Rule G-37 bars a municipal bond dealer from doing business with a jurisdiction within two years after the firm, its political action committee, or its municipal professionals contribute directly or indirectly to an office of the state or local government. It also bars dealers from soliciting or bundling contributions.
Yesterday's moves are the first formal actions taken in the case by Williams & Connolly. Blount, who heads Blount, Parrish & Roton Inc. in Montgomery and who is chairman of the Alabama Democratic Party, is also represented by the Birmingham, Ala., law firm of Leitman, Siegal, Payne & Campbell.
Rule G-37 "presents serious legal questions" and will cause Blount to "suffer undeniable irreparable harm," his lawyers said in the hard-hitting memorandum requesting the suspension of the rule.

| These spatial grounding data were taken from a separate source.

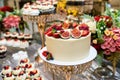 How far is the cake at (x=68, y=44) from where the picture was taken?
1.42 metres

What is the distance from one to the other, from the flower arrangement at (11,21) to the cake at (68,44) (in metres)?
1.24

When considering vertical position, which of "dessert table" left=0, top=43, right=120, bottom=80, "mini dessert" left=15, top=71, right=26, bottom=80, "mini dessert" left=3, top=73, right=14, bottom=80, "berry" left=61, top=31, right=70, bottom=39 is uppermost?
"berry" left=61, top=31, right=70, bottom=39

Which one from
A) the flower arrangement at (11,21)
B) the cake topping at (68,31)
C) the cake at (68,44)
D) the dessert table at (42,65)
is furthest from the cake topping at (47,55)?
the flower arrangement at (11,21)

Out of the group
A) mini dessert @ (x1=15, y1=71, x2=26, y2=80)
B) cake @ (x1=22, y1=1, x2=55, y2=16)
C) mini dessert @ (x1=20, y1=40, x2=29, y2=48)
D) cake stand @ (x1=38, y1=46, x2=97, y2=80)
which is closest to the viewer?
cake stand @ (x1=38, y1=46, x2=97, y2=80)

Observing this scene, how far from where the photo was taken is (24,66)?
1.92 m

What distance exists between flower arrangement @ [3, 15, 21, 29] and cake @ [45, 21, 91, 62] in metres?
1.24

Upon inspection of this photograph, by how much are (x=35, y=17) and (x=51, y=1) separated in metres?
0.50

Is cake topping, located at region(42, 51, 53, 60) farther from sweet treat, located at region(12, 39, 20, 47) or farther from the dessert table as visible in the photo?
sweet treat, located at region(12, 39, 20, 47)

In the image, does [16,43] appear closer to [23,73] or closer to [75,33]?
[23,73]

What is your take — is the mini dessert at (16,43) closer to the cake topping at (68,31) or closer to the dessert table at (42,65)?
the dessert table at (42,65)

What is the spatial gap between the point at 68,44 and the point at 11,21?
142cm

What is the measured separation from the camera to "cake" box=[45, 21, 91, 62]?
1416 millimetres

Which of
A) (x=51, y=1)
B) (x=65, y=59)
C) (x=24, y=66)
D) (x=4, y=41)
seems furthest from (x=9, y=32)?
(x=65, y=59)

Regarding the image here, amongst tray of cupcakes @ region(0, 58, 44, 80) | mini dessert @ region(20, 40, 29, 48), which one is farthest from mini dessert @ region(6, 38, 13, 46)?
tray of cupcakes @ region(0, 58, 44, 80) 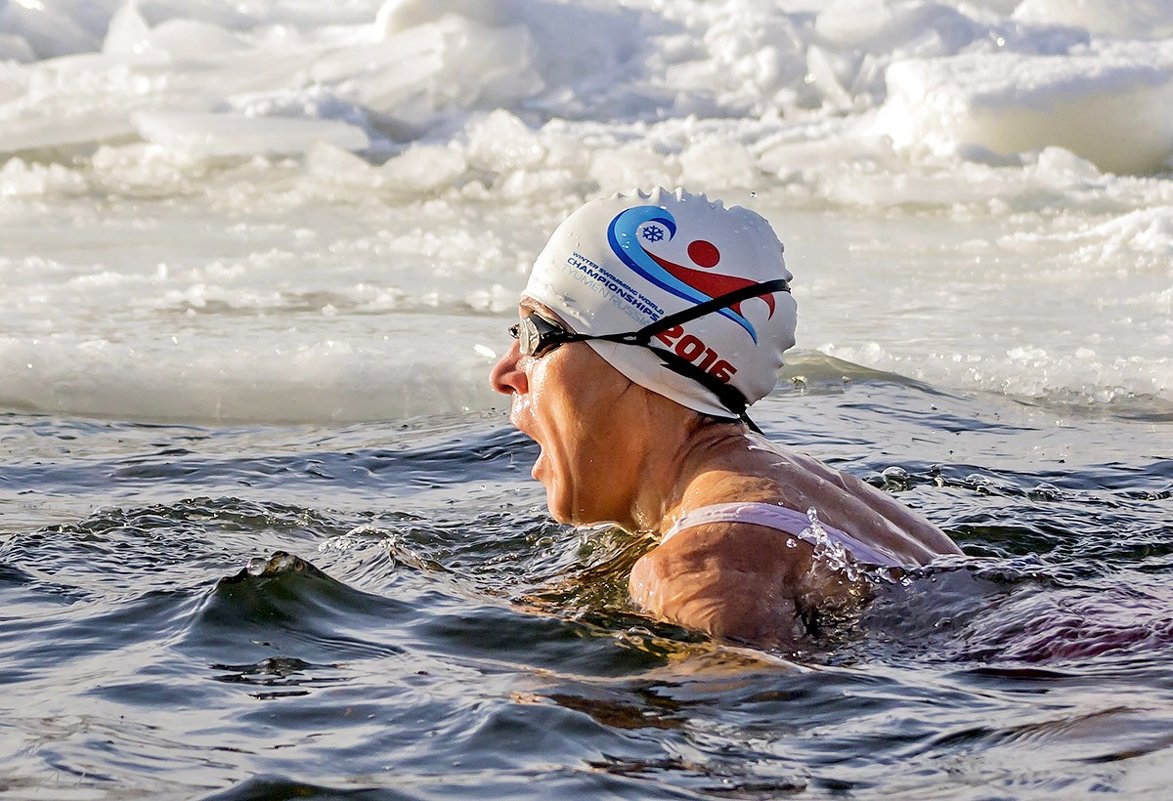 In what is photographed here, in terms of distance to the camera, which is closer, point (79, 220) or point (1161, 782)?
point (1161, 782)

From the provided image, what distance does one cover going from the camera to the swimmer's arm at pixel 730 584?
117 inches

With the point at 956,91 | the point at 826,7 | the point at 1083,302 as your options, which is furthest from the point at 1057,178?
the point at 826,7

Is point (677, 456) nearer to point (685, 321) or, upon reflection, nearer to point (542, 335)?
point (685, 321)

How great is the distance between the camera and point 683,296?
3.39 m

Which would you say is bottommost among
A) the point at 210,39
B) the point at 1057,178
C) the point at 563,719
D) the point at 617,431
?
the point at 563,719

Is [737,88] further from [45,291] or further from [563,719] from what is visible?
[563,719]

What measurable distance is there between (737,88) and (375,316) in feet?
20.3

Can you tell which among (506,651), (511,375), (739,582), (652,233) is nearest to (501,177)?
(511,375)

"For the first time in our nation's history, as far as we know, the federal government will have forced individuals who are not federal employees to sit through an election with limitations on what they may say to voters and potential contributors," the memorandum says.
"They may urge their fellow citizens to vote for a candidate, but, according to the commission, they may not speak in the context of any fund-raising activity without suffering a potentially severe penalty," it says.

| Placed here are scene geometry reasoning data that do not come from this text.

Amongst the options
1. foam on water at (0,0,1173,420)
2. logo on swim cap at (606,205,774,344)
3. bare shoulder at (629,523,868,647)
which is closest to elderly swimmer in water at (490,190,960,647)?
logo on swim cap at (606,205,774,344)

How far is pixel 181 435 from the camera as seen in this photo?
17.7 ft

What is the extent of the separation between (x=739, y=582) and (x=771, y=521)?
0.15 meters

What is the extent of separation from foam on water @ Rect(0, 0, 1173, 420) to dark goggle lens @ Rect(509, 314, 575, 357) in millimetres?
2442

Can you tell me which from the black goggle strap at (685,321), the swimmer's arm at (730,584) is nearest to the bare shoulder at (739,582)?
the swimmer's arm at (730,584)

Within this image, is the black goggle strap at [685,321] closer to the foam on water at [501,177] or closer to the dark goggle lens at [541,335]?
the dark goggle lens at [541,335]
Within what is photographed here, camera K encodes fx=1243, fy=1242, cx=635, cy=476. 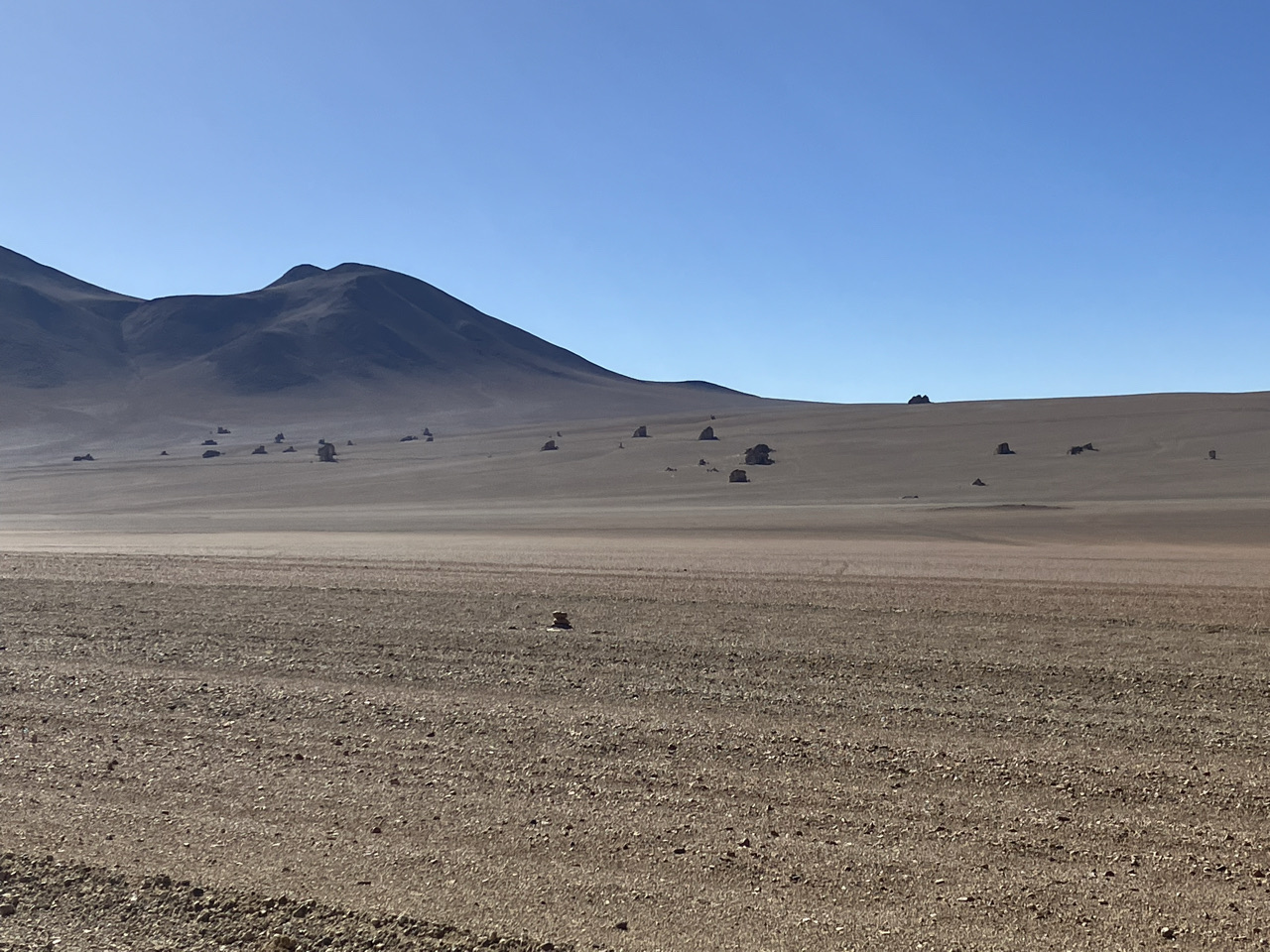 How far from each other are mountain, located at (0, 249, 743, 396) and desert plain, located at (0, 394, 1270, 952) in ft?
469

"This ban goes far beyond anything imposed by federal election laws or regulations. [It] is such an extreme restriction of free speech that even the body that imposed it must recognize the chance that it will be invalidated," the memo says.
The MSRB's restrictions "weigh especially heavily" on Blount in his capacity as chairman of the Alabama Democratic Party, the lawyers said.

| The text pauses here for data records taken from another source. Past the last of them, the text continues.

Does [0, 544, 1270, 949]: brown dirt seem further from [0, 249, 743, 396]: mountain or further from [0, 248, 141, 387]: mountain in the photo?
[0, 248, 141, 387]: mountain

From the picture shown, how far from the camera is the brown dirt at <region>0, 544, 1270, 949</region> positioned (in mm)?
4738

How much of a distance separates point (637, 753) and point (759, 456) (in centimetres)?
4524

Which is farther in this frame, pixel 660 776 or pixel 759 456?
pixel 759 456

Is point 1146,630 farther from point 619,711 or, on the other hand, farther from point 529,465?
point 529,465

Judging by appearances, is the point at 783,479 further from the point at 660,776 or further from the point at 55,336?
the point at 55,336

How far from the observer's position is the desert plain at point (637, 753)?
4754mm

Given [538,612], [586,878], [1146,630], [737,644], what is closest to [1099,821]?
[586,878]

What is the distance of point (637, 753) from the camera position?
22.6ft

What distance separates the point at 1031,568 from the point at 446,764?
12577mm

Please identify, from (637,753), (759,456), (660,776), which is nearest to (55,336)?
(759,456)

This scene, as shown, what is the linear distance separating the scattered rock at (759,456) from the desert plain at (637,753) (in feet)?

"l, as Chairman of the Alabama Democratic Party, am active in fund-raising efforts year round," Blount said in a seven-page declaration attached to the memorandum. "For example, every year, the Alabama Democratic Party hosts the ~Jefferson/Jackson Dinner,' an annual fund raising event for the ... party held in the summer or early fall.
"The cost is $1,000 per table, and I actively solicit people to attend. Throughout the year, I also actively solicit people to join ALABAMANS, a group of contributors of $1,000 per year, by mail, phone, and personally. I am constantly encouraging people to join ALABAMANS by contributing $1,000 and calling members reminding them that their yearly contributions are due. If rule G-37 is not stayed, I will, as a practical matter, be precluded from performing my role," he said.
Blount said that he will be forced to cancel 20 speaking engagements between now and June 8, the date of the primary election. "These speaking engagements include civil clubs, rallies, high school assemblies, and debates on public television."
Blount said Rule G-37 also may curtail the political activities of his wife. "My wife will not contribute to Alabama Solutions, [which] donates money to women candidates such as Mary Zoghby, candidate for the state legislature in Mobile, Ala.
"If Ms. Zoghby is elected, she may be appointed to an authority which issues municipal securities and, at that point, because of the broad reach of Rule G-37, I may be precluded from doing business with that authority if my wife contributed to Alabama Solutions", he said.